┌──

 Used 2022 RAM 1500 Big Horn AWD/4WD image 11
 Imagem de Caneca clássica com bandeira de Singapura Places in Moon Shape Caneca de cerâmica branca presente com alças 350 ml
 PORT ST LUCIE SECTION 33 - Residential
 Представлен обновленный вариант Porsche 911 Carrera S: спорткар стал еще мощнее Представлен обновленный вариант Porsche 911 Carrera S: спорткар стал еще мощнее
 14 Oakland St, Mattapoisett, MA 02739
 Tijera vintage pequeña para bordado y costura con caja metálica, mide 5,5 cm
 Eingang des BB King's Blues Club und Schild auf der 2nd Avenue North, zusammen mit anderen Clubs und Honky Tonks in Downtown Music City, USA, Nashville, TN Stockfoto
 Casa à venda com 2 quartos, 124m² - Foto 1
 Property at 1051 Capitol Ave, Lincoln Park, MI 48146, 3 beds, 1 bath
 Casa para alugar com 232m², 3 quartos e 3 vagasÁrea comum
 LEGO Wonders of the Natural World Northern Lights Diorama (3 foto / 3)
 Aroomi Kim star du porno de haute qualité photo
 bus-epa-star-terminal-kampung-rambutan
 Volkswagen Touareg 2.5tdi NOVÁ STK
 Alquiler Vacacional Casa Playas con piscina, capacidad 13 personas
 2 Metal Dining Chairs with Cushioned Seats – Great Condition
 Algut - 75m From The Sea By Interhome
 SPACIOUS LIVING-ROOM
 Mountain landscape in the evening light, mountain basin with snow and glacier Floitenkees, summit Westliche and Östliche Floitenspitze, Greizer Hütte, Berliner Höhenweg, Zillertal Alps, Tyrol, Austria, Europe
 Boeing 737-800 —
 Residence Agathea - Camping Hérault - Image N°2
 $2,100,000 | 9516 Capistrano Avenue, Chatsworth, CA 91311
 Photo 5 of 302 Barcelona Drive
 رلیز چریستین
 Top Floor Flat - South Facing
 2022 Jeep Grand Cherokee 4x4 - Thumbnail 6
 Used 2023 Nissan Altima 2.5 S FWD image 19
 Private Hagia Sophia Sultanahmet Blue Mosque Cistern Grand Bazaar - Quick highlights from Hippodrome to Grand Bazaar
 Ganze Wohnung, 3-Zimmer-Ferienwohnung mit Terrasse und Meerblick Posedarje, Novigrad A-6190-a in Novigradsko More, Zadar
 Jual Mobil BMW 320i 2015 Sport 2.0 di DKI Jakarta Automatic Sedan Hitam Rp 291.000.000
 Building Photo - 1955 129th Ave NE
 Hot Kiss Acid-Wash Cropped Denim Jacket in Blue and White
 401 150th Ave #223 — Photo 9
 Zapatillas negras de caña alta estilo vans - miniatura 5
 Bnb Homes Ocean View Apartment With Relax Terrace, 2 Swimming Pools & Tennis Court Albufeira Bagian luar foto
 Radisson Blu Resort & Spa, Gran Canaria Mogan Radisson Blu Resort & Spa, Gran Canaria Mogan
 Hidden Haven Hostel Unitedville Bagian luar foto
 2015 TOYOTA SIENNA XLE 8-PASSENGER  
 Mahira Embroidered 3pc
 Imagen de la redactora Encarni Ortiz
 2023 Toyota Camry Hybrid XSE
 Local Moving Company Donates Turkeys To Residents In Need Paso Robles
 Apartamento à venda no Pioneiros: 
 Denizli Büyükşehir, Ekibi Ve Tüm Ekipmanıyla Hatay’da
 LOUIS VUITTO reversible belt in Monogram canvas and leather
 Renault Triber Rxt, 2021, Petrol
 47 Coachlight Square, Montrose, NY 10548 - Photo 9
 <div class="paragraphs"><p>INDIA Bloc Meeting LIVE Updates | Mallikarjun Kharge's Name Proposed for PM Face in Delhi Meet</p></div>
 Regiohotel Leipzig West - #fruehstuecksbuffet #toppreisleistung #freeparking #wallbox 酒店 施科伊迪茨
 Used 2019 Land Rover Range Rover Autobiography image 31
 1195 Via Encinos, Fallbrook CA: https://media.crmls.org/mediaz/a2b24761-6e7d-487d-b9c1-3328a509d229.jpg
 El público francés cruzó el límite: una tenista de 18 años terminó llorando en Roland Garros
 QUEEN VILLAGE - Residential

└──

## Work to be completed
Reproduce the entries exactly, starting at their first line and stopping after the line with "Tijera vintage pequeña".

## Task response
 Used 2022 RAM 1500 Big Horn AWD/4WD image 11
 Imagem de Caneca clássica com bandeira de Singapura Places in Moon Shape Caneca de cerâmica branca presente com alças 350 ml
 PORT ST LUCIE SECTION 33 - Residential
 Представлен обновленный вариант Porsche 911 Carrera S: спорткар стал еще мощнее Представлен обновленный вариант Porsche 911 Carrera S: спорткар стал еще мощнее
 14 Oakland St, Mattapoisett, MA 02739
 Tijera vintage pequeña para bordado y costura con caja metálica, mide 5,5 cm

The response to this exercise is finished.